Таким образом, главным результатом кампаний 1933–1936 гг. стало то, что бывшие активные участники национального движения, причем не «жовто-блакитные», а «красные», были объявлены врагами, а их взгляды и деятельность характеризовались как контрреволюционные. Лица с боротьбистским и укапистским прошлым попали в немилость потому, что продолжали относиться к национальному вопросу как главному и в прошлом были, а во многом и оставались сторонниками особого пути Украины к коммунизму. Украины как национального и государственного целого, чего-то большего, нежели просто республики в составе СССР, особенно в той трактовке взаимоотношений союзного и республиканского, которая стала преобладающей в советском руководстве с начала 1930-х гг.

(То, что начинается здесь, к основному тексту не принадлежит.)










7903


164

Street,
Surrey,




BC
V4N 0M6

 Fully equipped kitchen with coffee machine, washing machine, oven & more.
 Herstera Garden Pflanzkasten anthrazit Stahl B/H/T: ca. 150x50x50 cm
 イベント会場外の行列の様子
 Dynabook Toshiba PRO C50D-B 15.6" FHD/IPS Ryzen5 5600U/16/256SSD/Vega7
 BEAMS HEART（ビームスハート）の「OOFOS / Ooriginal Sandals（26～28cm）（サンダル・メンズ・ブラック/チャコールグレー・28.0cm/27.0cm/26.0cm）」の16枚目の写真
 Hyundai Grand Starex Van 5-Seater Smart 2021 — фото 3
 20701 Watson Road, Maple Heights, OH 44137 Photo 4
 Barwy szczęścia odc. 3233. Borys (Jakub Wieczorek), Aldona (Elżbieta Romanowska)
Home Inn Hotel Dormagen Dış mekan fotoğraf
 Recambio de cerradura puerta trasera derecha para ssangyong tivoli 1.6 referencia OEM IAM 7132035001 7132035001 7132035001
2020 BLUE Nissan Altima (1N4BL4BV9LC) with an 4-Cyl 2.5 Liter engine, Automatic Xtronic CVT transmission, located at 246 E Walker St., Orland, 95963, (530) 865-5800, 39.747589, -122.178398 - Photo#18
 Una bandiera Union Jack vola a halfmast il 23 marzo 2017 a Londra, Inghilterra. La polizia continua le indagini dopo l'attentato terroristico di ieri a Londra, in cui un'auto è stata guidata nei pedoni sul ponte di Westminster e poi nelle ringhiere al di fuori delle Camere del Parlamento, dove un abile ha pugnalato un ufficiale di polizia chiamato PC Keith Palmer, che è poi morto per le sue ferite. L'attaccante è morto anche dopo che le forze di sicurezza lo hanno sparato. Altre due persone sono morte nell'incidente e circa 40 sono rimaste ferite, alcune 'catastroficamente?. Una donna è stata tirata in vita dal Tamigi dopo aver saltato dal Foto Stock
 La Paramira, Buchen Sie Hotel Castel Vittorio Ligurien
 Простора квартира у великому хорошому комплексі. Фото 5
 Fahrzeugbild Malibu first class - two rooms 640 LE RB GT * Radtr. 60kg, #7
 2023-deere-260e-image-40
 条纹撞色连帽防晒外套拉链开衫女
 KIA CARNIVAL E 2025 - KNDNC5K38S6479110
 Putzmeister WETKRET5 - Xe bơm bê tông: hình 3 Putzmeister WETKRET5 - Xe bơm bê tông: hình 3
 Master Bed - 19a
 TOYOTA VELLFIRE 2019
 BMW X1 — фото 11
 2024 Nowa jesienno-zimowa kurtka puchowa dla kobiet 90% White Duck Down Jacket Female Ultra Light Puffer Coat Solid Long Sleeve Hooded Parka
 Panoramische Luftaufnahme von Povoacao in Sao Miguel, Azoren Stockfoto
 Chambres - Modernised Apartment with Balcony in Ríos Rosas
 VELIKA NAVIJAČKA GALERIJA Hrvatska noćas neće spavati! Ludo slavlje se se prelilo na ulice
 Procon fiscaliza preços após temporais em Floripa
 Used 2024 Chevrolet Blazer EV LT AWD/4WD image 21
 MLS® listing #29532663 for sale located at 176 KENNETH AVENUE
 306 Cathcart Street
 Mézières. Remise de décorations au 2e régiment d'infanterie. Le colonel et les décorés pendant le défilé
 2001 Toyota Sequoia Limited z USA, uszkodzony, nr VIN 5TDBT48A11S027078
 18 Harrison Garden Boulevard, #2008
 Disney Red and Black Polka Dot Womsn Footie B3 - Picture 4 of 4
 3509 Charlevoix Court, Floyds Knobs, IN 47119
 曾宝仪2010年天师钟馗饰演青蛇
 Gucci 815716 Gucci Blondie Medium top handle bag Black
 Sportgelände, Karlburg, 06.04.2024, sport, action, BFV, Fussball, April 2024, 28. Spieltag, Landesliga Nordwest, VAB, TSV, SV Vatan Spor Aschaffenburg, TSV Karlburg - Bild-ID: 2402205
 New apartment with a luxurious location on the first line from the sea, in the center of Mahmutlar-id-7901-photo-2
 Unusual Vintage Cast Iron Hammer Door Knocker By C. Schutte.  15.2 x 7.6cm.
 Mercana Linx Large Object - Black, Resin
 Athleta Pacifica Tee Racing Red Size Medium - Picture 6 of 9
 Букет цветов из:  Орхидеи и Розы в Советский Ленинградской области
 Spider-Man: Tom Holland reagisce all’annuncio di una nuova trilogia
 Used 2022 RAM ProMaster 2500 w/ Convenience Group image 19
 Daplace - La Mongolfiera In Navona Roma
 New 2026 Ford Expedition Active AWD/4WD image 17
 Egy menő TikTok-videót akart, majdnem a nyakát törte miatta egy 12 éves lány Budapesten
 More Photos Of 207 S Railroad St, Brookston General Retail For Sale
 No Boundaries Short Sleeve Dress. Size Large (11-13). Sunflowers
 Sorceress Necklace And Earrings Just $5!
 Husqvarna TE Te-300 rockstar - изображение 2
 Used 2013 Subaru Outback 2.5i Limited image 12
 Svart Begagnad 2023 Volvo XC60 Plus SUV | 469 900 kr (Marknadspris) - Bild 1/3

Здесь надо еще раз обратиться к причинам, обусловившим изменение приоритетов в национальной политике и наступление на местный национализм и украинское движение. О некоторых причинах уже говорилось выше. Но поскольку борьба не ограничилась только национальной интеллигенцией и «осколками» старых классов и велась против тех сил в компартии, которые имели иную точку зрения на перспективы развития Украины, следует вернуться к этому вопросу и посмотреть, что же повлияло на пересмотр, казалось бы, установившихся подходов к принципам организации союзного государства и советского общества.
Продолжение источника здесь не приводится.